Lo spazio, che sembra di suo uno strumento, con quella torre che si apre ripida verso il cielo, è fatto apposta per esaltare voci e suoni e si riempie velocemente di curiosi e di amici venuti da lontano. Prende posto sul palco George Garzone al sax tenore. Viene dal Massachussetts e insegna alla Berklee School of Music, oltre alla NYU. Esegue degli standard, ma anche dei pezzi suoi, insieme ai colleghi alla tromba, al sax alto e alle percussioni. Prima la disciplina con alcuni brani di Miles Davis reinterpretati in una versione più accelerata, con il sax che esce potente e si fa dolce nel finale.
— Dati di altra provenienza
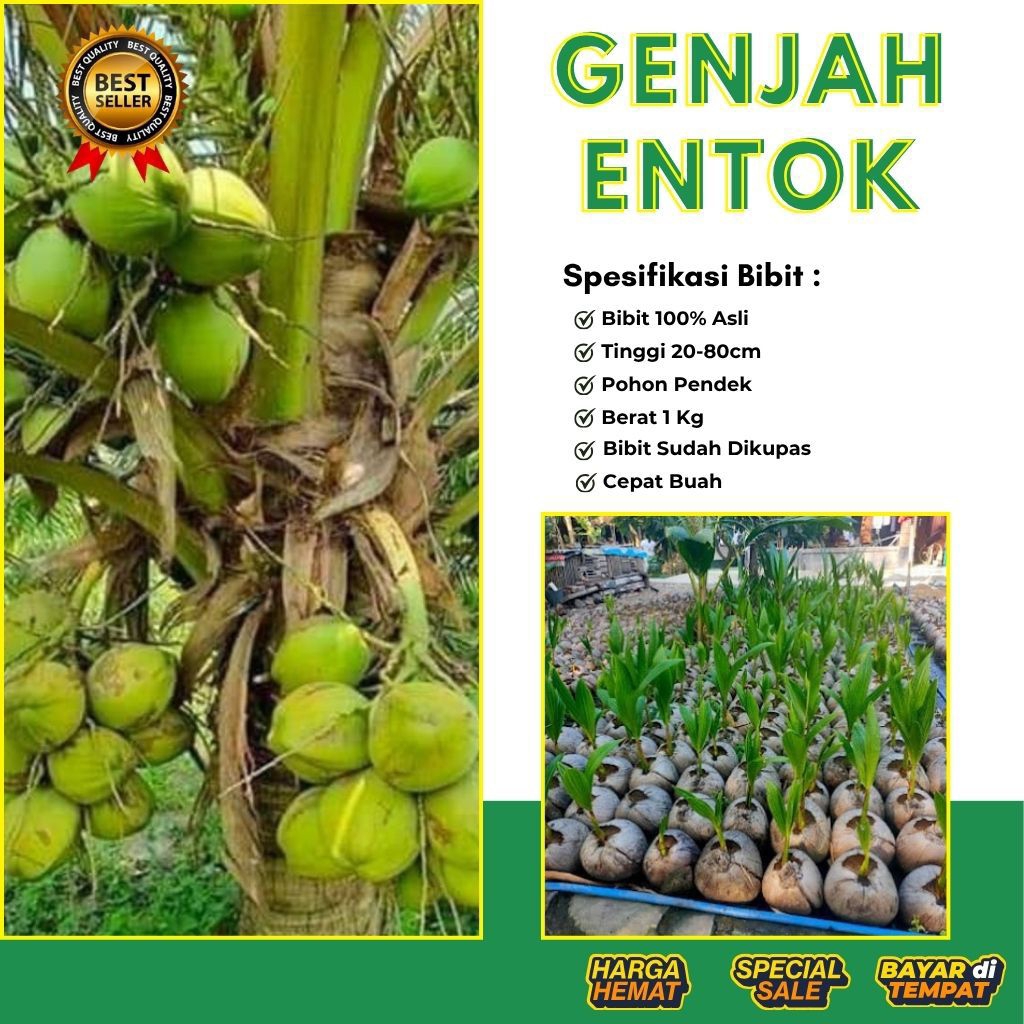 TERBAIK  Bibit Kelapa Genjah Entok, Bibit Kelapa Genjah Entok Bersertifikat, Bibit Kelapa Genjah Ent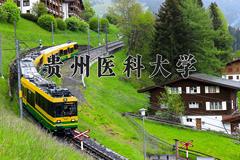 贵州医科大学近三年录取分数线及位次：四川2022-2024最低分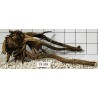 Spiderwood 338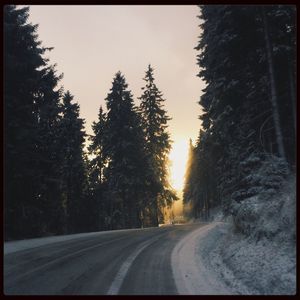 Country road along trees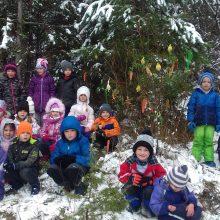 20191213 105036 220x220 - PRAV POSEBNO BOŽIČNO DREVO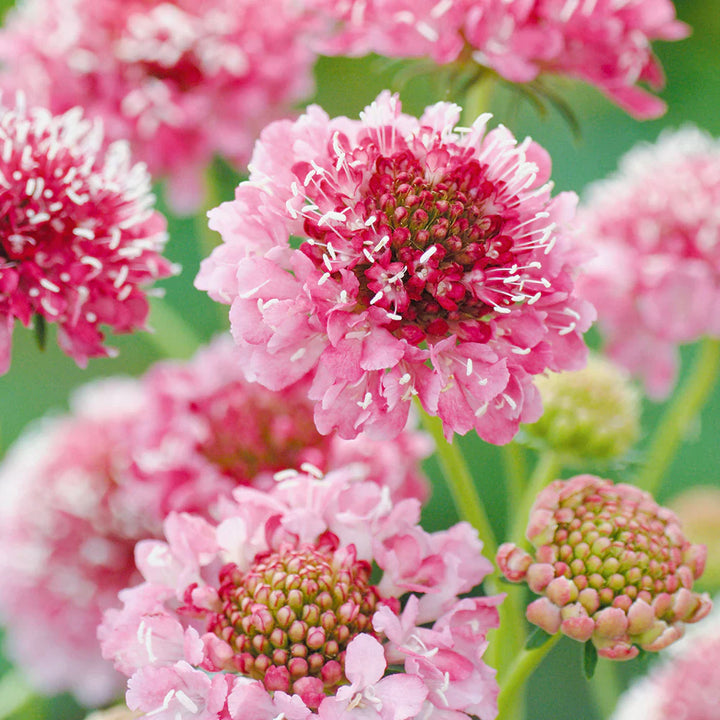 Flower Seeds, Seeds,Seeds For Planting,Plant Seeds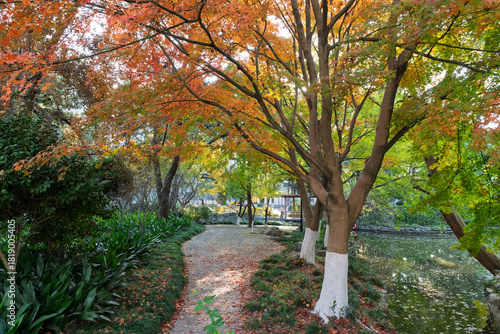 Photography The Xinzhuang Park in Minhang District, Shanghai, China, is a picturesque sight in the golden autumn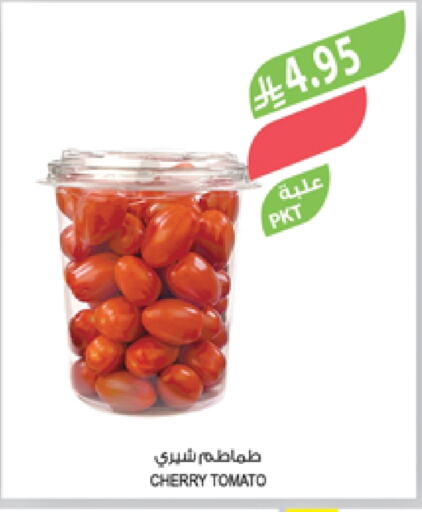 Tomato available at Farm  in KSA, Saudi Arabia, Saudi - Al Khobar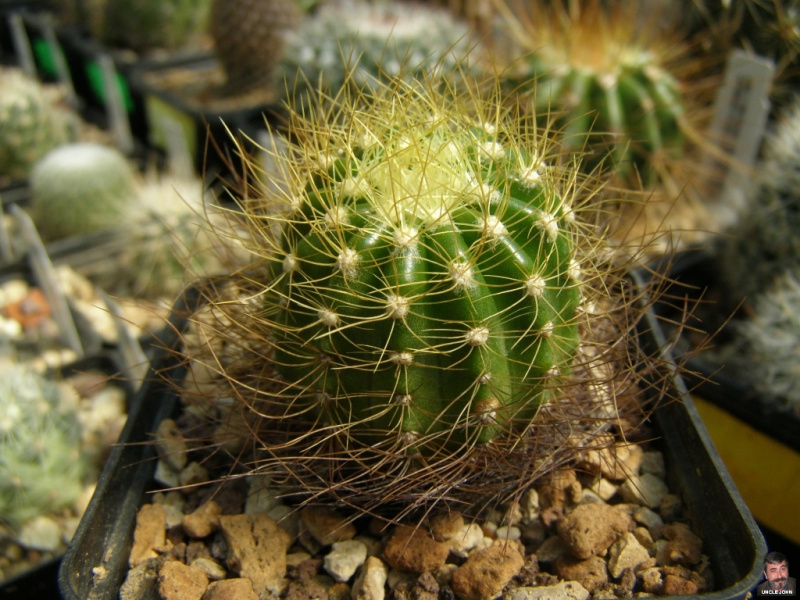 Файл:Coleocephalocereus aureus 2.jpg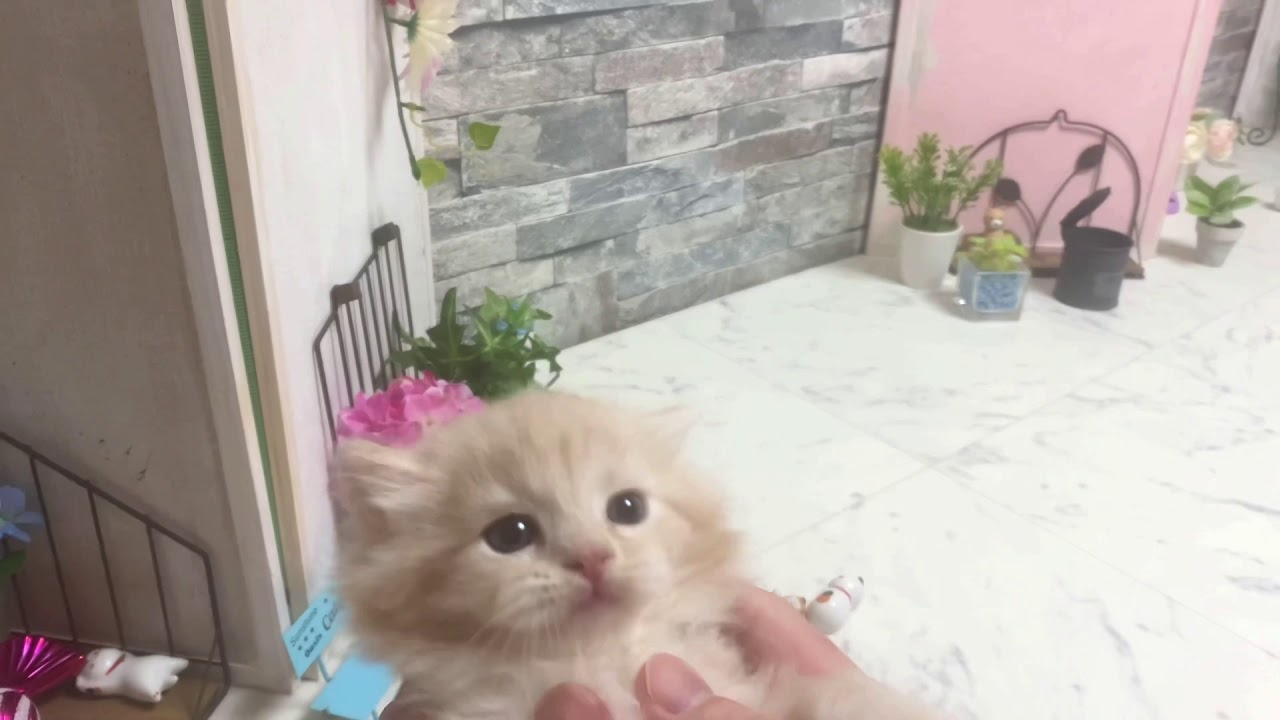 【ナナハチ’s ROOM】長足マンチカン☆ロングヘア   クリームタビー＆ホワイトの女の子　20210120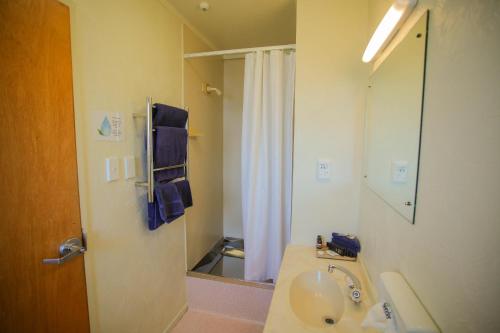 a bathroom with a sink and a shower at Abbots Hamilton – Hotel and Conference Centre in Hamilton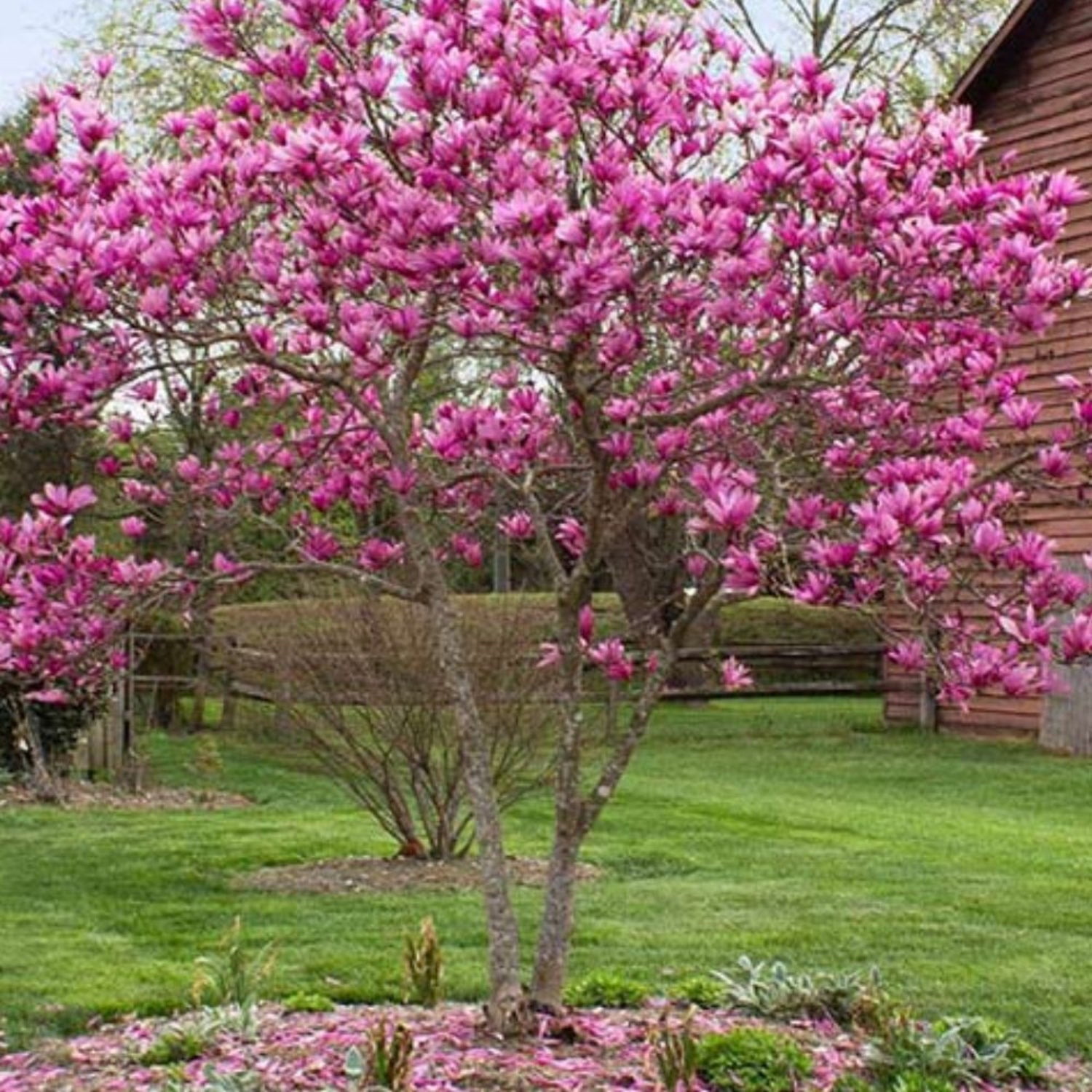 Expert Gardener 1.5- 2 ft tall Jane Japanese Magnolia Live Tree in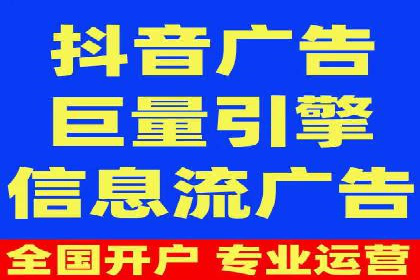竞价广告在XX行业的成功应用案例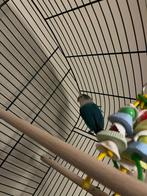 Blauwe agapornis, Dieren en Toebehoren, Geslacht onbekend, Dwergpapegaai of Agapornis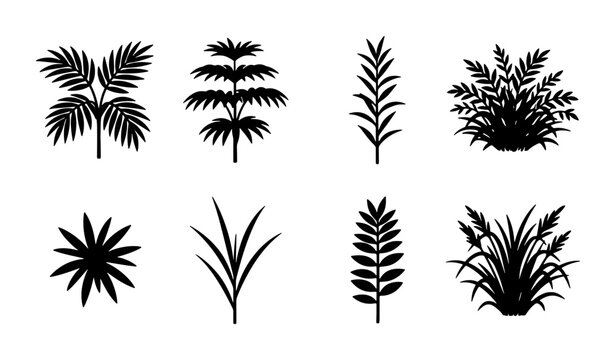 Black Silhouette Plant Icons, Tropical Foliage & Grass Vector Set, Garden Design Elements, Nature Graphics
Improvvisazione e metodo, sempre in equilibrio, ci si lascia andare ma la situazione rimane sotto controllo.

Chi invece coinvolge il pubblico con introduzioni e commenti e poi con la musica è l'altro docente, Jean-Michel Pilc, al pianoforte, insieme a due sassofonisti giovanissimi, talentuosi, forse i più applauditi tra tutti quanti. Come una session lunghissima, un brano solo all'inizio, prolungato all'infinito, le dita di Pilc sono aggressive sui tasti, la cascata di note esce potente e travolge tutto, la gente si fa trasportare e batte le mani, il pezzo rimane aperto alle continue improvvisazioni, i due sax ingaggiano una gara di virtuosismo dentro al concerto e le certezze musicali non esistono più, scompaginate e reinventate in soluzioni nuove, secondo la cifra stilistica del jazz.

La terza band, un quintetto, fa da suggello a quanto ascolato in precedenza. Sul palco Dave Schroeder, che preferiesce deliziare i presenti con un inizio soft, lento, solo il sax tenore a riempire l'aria. I compagni intervengono più in là, quando l'atmosfera si è già surriscaldata. Solo allora la performance prende quota, basso elettrico e chitarra si fanno più grintosi e si mescolano alla batteria con quelle poliritmie in salire che avvolgono la piccola area del concerto. Suoni sincopati seguiti da più impetuose esplosioni di note, intermezzi raffinati, per poi ripartire con il piede sull'acceleratore del sax a entusiasmare la platea.

Ho visto scorrendo il calendario che a fine luglio verranno Claudio Fasoli e Furio Di Castri. Da non perdere.